:: Excerpted data
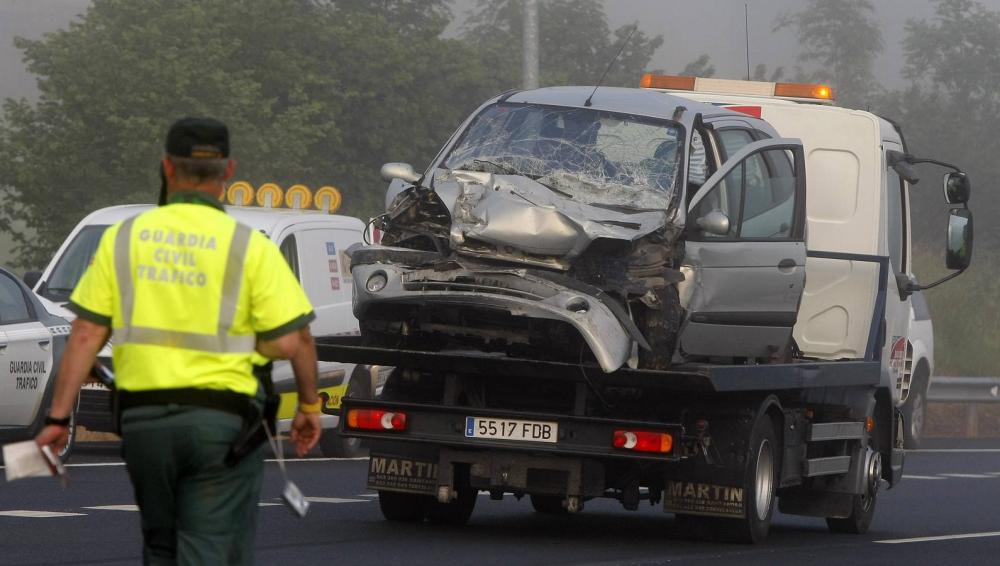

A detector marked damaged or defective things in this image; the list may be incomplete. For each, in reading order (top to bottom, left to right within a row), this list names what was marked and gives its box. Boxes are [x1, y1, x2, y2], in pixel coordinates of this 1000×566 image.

shattered windshield [444, 102, 684, 211]
dented hood [436, 171, 672, 260]
damaged silver van [350, 85, 804, 372]
crumpled bumper [352, 260, 632, 372]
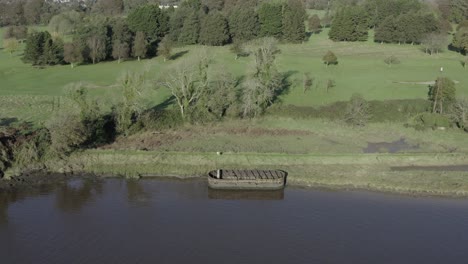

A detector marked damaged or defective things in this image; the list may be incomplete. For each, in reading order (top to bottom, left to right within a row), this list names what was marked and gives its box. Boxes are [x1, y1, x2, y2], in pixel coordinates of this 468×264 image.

rusty river barge [207, 169, 286, 190]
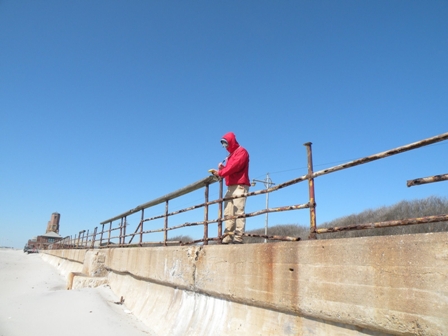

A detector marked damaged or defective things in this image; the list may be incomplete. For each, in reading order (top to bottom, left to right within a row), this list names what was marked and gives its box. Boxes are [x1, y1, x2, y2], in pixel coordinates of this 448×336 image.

rusty metal railing [49, 131, 448, 249]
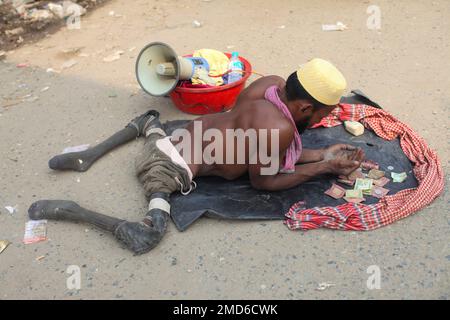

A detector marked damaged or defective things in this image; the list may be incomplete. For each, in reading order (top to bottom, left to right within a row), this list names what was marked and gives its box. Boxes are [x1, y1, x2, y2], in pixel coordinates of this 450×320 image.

torn clothing [136, 132, 194, 196]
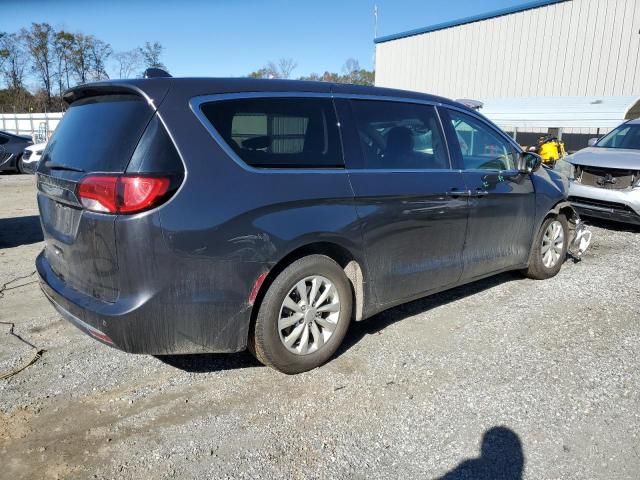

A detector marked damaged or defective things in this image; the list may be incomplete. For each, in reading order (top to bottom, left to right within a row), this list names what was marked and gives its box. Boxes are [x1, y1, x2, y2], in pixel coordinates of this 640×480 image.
::::
Goal of the exercise — Could the data above be reproduced exactly, with the pictures left out?

Written answer —
A detector marked damaged or defective things in this image; the list may be incomplete. For each, in reading order (top to bottom, left to right within a row), this list names what was marked and gives its box. Boxes are [x1, y1, x2, y2], in pixel coordinates of this 1000×566 image.

shattered windshield [444, 102, 684, 211]
dented hood [436, 171, 672, 260]
damaged silver van [350, 85, 804, 372]
crumpled bumper [352, 260, 632, 372]

A detector marked damaged or defective things in this image; the list may be incomplete. For each, in reading order (top to bottom, left to right within a row), this list names what was marked and gives its box. Boxes are [x1, y1, x2, y2], in pixel coordinates of this 468×264 image.

rusty river barge [207, 169, 286, 190]

A detector marked damaged or defective things in this image; the list may be incomplete. For each, in reading order (top to bottom, left to right within a row), this list names what was marked and gives its box. Boxes are [x1, y1, x2, y2], in pixel coordinates of this 448×336 image.

rusty metal railing [49, 131, 448, 249]

A detector marked damaged or defective things in this image; the list may be incomplete. For each, in reading order (top to bottom, left to right within a row), this list names what was marked and gives its box. Boxes are [x1, y1, x2, y2], in pixel coordinates of this 450×320 image.

torn clothing [136, 132, 194, 196]

A detector marked damaged or defective things in this image; the list may be incomplete. For each, in reading order (top to bottom, left to right within a row), this list names what was marked and gives its box. Boxes are [x1, y1, x2, y2], in pixel coordinates of this 640×480 image.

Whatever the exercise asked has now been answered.